A good smoke
I went down to Oxford yesterday in the hope of whipping up some business. I took the train which involved 3 changes on the outward trip and none on the return. That's 4 trains. They were all late. Not, according to the announcements, because of the storms on Thursday, but because of 'staff illness' or a 'points failure'. Be that as it may, I spent 6 hours travelling for a one-hour meeting. But I'm not writing this to complain about the trains.
I hadn't been to Oxford for over 20 years, so when the meeting finished leaving me 3 hours to wait for the train home, I set off into town. I knew where I wanted to get to. I had a vague memory of a very broad street lined with plane trees and an ivy-covered college on one side. Turning according to which street seemed hazily familiar, I found myself at the Martyrs' Memorial, which only in that moment was added to the remembered scene, and so walked into St Giles. As I had recalled it, it was empty of traffic, though I can't imagine why. Nevertheless, a little of the suffused excitement of an old courtship returned and I looked round for a pub where I could wallow a little in comfort. There was one in front of me, but as I glanced across the breadth of St Giles, a name caught my eye: The Eagle and Child.
I knew I knew it, but I didn't know why. Pint in hand, I sat down in a small room lined with darkened wood and one glance told me why. This was the Rabbit Room, the old parlour where Tolkein, Lewis, Charles Williams and others sipped, puffed and talked of what they were writing, reading and thinking. I was sipping rather an ordinary ale, and puffing with that intense feeling of inhaling essences of ...something that only a smoke in the right conditions confers. Fresh Old Holborn out of my worn old leather pouch, with a glass of beer in a warm atmosphere filled with associations both historical and personal. There is little to equal it.
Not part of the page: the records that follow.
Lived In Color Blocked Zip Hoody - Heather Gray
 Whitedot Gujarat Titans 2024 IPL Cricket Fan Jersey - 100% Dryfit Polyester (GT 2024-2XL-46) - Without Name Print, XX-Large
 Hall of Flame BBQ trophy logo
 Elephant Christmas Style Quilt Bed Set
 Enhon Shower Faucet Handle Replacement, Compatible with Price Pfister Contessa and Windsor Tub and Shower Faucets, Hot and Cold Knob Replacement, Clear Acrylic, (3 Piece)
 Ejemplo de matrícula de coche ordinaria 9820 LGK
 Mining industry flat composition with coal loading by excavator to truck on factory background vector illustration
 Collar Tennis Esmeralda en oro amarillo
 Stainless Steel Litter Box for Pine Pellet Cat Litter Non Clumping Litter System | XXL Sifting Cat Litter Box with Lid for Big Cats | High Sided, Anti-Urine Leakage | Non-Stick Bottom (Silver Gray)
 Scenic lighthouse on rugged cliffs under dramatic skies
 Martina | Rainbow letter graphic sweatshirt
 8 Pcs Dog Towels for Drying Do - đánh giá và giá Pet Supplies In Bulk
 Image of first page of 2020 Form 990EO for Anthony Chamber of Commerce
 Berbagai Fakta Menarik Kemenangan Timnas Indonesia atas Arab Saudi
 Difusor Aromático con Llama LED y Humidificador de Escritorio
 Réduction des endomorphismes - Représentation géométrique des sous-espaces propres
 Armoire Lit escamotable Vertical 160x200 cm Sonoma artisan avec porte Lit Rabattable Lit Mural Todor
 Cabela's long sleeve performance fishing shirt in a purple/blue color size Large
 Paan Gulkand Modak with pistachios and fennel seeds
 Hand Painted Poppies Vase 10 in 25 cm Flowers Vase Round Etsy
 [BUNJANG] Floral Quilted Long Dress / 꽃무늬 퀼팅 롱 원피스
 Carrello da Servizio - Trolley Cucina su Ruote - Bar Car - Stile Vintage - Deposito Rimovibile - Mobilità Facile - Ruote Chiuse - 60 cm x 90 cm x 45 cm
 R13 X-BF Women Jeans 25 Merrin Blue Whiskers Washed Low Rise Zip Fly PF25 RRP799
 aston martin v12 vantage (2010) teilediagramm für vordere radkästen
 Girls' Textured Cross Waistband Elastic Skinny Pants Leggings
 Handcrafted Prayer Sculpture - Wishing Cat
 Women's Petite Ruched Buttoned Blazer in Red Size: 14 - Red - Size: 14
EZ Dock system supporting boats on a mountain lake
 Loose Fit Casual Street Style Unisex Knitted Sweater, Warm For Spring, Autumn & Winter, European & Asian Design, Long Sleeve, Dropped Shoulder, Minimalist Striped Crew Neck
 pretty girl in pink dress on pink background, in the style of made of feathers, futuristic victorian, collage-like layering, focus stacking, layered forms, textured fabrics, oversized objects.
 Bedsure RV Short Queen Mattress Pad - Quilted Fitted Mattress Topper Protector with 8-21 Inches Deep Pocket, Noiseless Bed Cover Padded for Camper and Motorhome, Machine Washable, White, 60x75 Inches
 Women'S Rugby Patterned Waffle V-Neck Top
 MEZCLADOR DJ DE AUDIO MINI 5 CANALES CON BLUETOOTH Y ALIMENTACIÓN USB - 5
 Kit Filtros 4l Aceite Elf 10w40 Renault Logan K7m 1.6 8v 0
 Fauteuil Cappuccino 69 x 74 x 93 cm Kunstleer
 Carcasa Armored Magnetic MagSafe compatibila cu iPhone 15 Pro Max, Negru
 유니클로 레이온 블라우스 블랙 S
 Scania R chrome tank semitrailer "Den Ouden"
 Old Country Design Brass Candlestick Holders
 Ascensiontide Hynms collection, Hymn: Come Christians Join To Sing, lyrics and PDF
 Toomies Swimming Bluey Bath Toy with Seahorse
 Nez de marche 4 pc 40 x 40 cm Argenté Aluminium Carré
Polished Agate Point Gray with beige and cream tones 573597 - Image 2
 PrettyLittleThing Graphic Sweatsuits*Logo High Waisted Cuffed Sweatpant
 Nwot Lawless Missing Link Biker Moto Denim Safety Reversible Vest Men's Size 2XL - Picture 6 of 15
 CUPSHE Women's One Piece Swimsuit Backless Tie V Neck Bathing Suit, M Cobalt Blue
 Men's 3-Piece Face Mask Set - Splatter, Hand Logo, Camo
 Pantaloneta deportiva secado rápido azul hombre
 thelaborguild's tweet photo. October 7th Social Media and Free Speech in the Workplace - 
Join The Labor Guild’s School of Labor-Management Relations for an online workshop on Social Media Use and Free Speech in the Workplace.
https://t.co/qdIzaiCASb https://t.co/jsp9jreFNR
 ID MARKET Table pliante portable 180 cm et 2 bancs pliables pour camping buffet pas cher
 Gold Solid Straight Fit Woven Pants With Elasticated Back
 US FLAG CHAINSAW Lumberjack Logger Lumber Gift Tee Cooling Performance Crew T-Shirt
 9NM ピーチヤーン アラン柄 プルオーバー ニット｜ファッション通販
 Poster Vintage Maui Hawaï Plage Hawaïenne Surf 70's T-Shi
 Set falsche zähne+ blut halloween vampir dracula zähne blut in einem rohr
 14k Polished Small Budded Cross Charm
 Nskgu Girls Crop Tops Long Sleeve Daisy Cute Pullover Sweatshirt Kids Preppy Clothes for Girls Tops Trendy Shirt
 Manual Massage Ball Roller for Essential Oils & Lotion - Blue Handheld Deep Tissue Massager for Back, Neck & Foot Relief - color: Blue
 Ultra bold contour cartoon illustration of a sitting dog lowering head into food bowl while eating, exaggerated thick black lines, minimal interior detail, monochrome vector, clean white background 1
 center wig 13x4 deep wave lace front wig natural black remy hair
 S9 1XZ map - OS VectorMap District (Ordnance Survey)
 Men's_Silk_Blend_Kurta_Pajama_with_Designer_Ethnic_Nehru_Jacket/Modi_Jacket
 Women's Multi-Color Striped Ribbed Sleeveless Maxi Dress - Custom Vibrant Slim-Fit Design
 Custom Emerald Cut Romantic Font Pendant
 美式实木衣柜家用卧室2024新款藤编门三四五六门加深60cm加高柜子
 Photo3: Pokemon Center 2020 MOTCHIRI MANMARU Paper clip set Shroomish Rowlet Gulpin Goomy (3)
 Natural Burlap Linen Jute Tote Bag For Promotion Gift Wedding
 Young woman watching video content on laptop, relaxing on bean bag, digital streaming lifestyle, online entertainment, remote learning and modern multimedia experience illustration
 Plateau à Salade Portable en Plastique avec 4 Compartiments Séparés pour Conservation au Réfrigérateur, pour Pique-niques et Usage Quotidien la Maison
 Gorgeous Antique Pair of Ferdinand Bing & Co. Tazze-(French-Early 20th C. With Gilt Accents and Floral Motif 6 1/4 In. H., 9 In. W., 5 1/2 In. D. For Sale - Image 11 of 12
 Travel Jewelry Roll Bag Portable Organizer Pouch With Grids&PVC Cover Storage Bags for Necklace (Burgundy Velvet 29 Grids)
And it will soon be gone. Travelling is a renunciation of a good smoke. You can't smoke on the train; you can't even smoke on open-air platforms while waiting for the train (except in Crewe, for some reason). You can't smoke in offices. Since I hate smoking standing up or in the street, it usually means a day without nicotine, or any of the other essences of ... something that I mentioned above. Except in a pub. In a pub, moreover, where Tolkein puffed on his pipe and Lewis burned down a good number of his 60-a-day as they worked up the mixture of essences that would result in Middle Earth and Narnia and so much else. And did it in good company. After June this year, it will be impossible, and the memory of it will linger like that of the nectar of the Gods, a mere literary topos, or convention, irrevocably gone.